Sé lo que van a publicar los medios: “grupos extremistas violaron las reglas de una protesta pacífica, vandalizaron la ciudad y ensuciaron el movimiento por los derechos de la mujer. Esas no son formas”. Y sí, eso hicieron, yo estuve ahí. Corrí junto a ellas escapando de la policía, aspiré el humo y el aerosol, me sacudí del pelo pedazos de vidrio. Me tronaron en los oídos tres bombas molotov en frente de Palacio Nacional. Pintaron paredes y monumentos, quebraron ventanas, patearon vallas, atacaron policías, intimidaron grupos en contra del aborto, agredieron a los hombres y quemaron pancartas religiosas. Pero también vi cómo se abrazaban, se cuidaban y con cada martillazo sanaban. Buenas o malas, así son las formas. Porque esto es sólo el resultado de algo mucho más oscuro: años y años de un sistema patriarcal que violenta despiadadamente a la mujer. Eso es lo que hay que juzgar.
Volví por el mismo recorrido. Ahora había hombres con un traje fosforescente limpiando la pintura de las paredes, barriendo los vidrios con escobas de palo, cubriendo los accesos ultrajados con tablas de madera. Músicos callejeros sonorizaban mi regreso a casa. Iba sola porque no quería hablar con nadie, iba llorando porque también iba sanando. El agua y el jabón pueden borrar las pintas, pero ¿quién va a borrar todo nuestro dolor? ¿Quién va a regresar a las muertas? ¿Cómo vamos a desaparecer de nuestra alma más de un recuerdo brutal?

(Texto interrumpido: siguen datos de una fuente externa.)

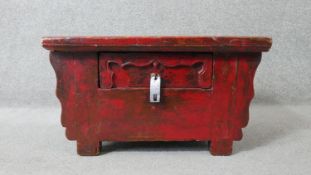 Small chest, 19th century Chinese painted. H.32 W.56 D.40cm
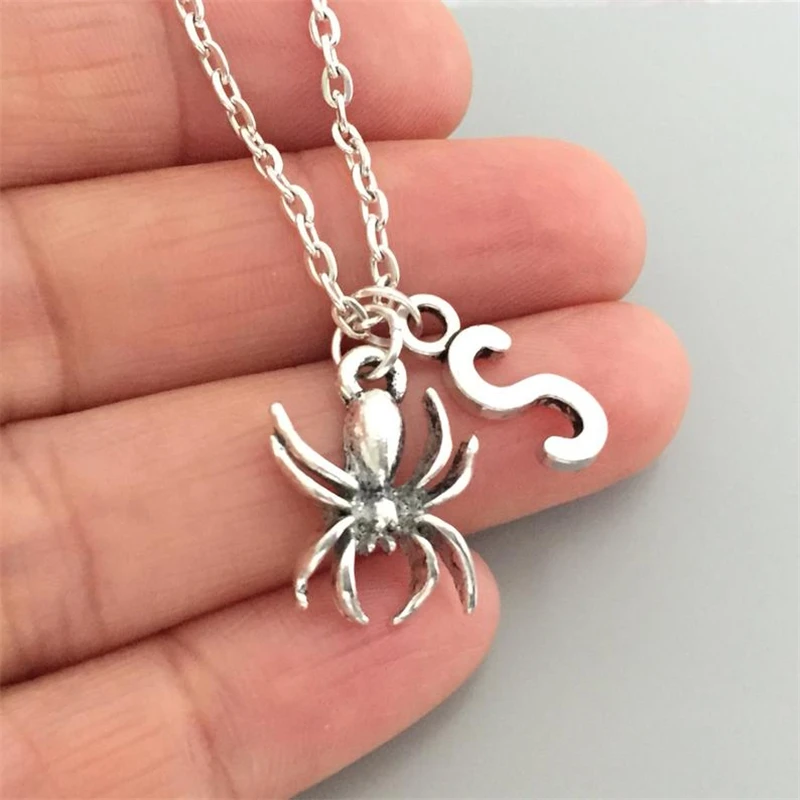 Spider Necklace with Initial, Halloween Jewelry, Arachnoid Jewelry, Initial Necklace, Hand Stamped Jewelry, Spider Lover Gift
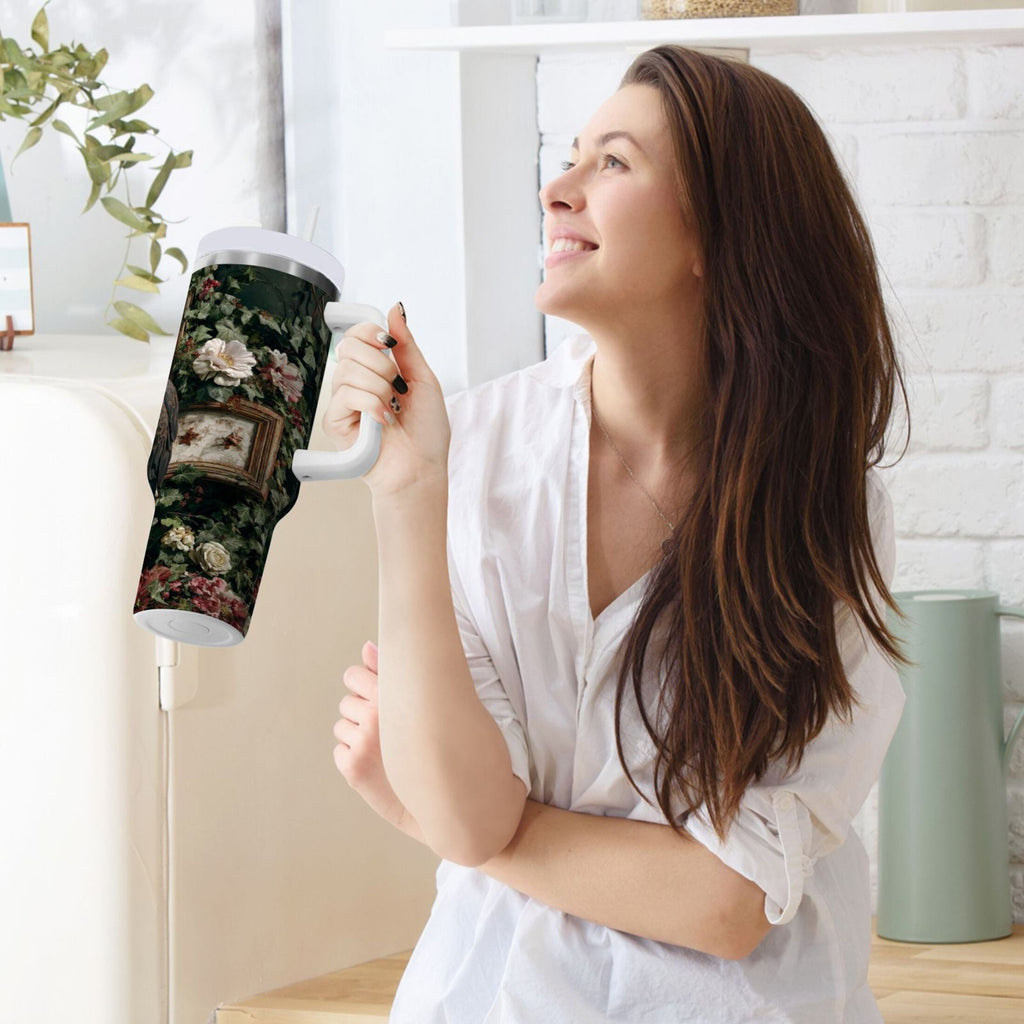 30 oz Insulated Stainless Steel Tumbler Double Wall Stainless Steel Tumbler with 2-Way Drinking Wreath and Bald Eagle C5SG
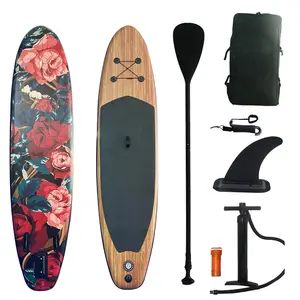 2022 Günstige Holzmaserung aufblasbares Angeln Sup Surf Skate Board mit Js Paddle Board Surfbrett mit Griffen Griff Stand Up Boards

Hoy me sucedió uno de esos instantes que te cambian la vida para siempre. Era un viejo tocando el saxofón, creo que tocaba Gema. Las encapuchadas empezaron a demoler lo que estaba alrededor del músico con patadas y mazos; tiraron las vallas y brincaron sobre ellas haciendo un sonido estruendoso. Él no dejó de tocar; ellas seguían rompiendo todo, en un baile onírico de destrucción. Me tuve que detener, mis piernas no me respondían, mi corazón latía fuertísimo, mi piel estaba erizada. ¿Era la única que estaba siendo testigo del fin? Me sentí mareada y me tuve que echar al piso a llorar. No era miedo, era todo. Estaba llorando por mí, por mi hija, por todas las que mataron y por las que seguimos vivas. Aprendí que está bien no entender, que lo importante es sororizar. Que si destruirlo todo es la única manera, empecemos en nuestro interior. Hablo de mi propia deconstrucción.